S.S.Ahamad, Doraiswami Raju

Raju, J.

Special leave granted.

The appellant, who lost before the Tribunal as well as the High Court, has come up before this Court challenging the judgment of the High Court declining to interfere with the order dated 16.4.99 of the Central Administrative Tribunal, Principal Bench, New Delhi, in O.A. No.241 of 1999 which, in turn, repelled a challenge to the repatriation of the appellant to his parent department. The appellant, a member of CRPF and serving as an Assistant Sub-Inspector in the said parent department w.e.f. 1.1.87, joined the service of CBI on deputation in the same capacity as ASI on 1.8.91. He continued to work as ASI on the deputation terms for the initial period, which came to be extended from time to time with the mutual consent of the lending and borrowing department. In the year 1994, no doubt, the borrowing department expressed an inclination for permanent absorption in the CBI and sought for the concurrence of the CRPF to which, it appears, the lending department also conveyed its clearance.

It may be noticed at this stage that while on such deputation in the CBI, the appellant was also appointed as Sub-Inspector on 1.6.95 and in his parent department also he was promoted as such. There are no specific statutory rules as such governing the question of absorption of a deputationist. On the other hand, the said subject is governed by departmental instructions and circular orders as per which the qualification and experience of the Officers to be selected should be comparable to those prescribed for direct recruits to such posts where direct recruitment has also been prescribed as one of the methods of the appointment in the Recruitment Rules. In consonance with such procedure, the appellant was asked to undertake a written test. He made a formal application disclosing his credentials and on the basis of his performance in the written test, the record relating to last five years A.C.Rs. (Part-I - Personal Data) for the period 1993-94 to 1997/98 in which the appellant mentioned about his basic educational qualification as B.A. and his performance in the interview, the Screening Committee constituted for the purpose recommended the absorption of the appellant in the CBI as Sub-Inspector. But when the appellant was asked to produce the documents in original in support of his educational qualifications etc., the appellant started explaining that for a person of his standing in service the basic educational qualification of passing Senior Secondary Examination is enough and passing of degree examination, may not be insisted upon. This was not only contrary to his earlier representation that he was a graduate but the Screening Committees recommendation for absorption in CBI was also on the basis that the appellant was a graduate, as disclosed by him. This seems to have been taken also as proof of his doubtful integrity in furnishing wrong information about his educational qualification to be graduation to some how gain absorption. Since, in terms of the relevant rules the total period of deputation in the rank of ASI/SI including that of deputation in any other cadre/cadre post cannot be for more than five years, the appellant was repatriated to his parent department and also relieved with effect from 31.1.99. (A.N.) with a direction to report for duty to the parent department. Apprehending the same, the appellant moved the Central Administrative Tribunal, Principal Bench, New Delhi, in O.A. No.241 of 99.

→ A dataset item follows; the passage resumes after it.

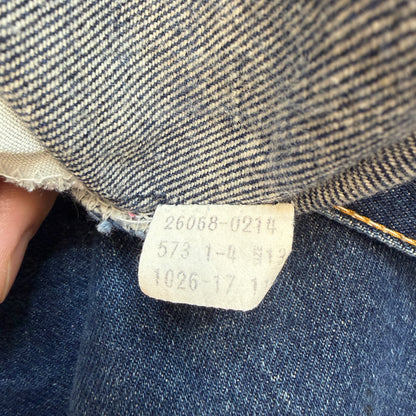 Vintage 80's Levi's Women's Jeans Denim SF 207 Blue 28x30 Used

The Tribunal by its order dated 16.4.99, rejected the claim of the appellant holding that he had no vested right to absorption, that he was not totally an indispensable person in CBI and that he being not a graduate cannot be absorbed, under the relevant rules. The grievance of alleged differential treatment has also been found to be not substantiated - in that the absorption erroneously made of N.N. Mishra (a mistaken reference to N.P. Mishra) is sought to be undone by already initiating action in that direction and that the case of N.P.Pandey - a departmental officer has to be treated as regular promotion and not to be treated as a deputationist. It was ultimately held for those reasons that the CBI cannot be compelled to absorb the appellant, and consequently the order of repatriation dated 29.1.99 did not call for any interference. Not satisfied the appellant moved the Delhi High Court by means of Writ Petition (Civil) No.2533 of 1999 and a Division Bench of the High Court, by an order dated 26.7.99 rejected the same observing that there are no merits in the petition and find no grounds to interfere with the order of the Tribunal under challenge. Relentless, the appellant has approached this court.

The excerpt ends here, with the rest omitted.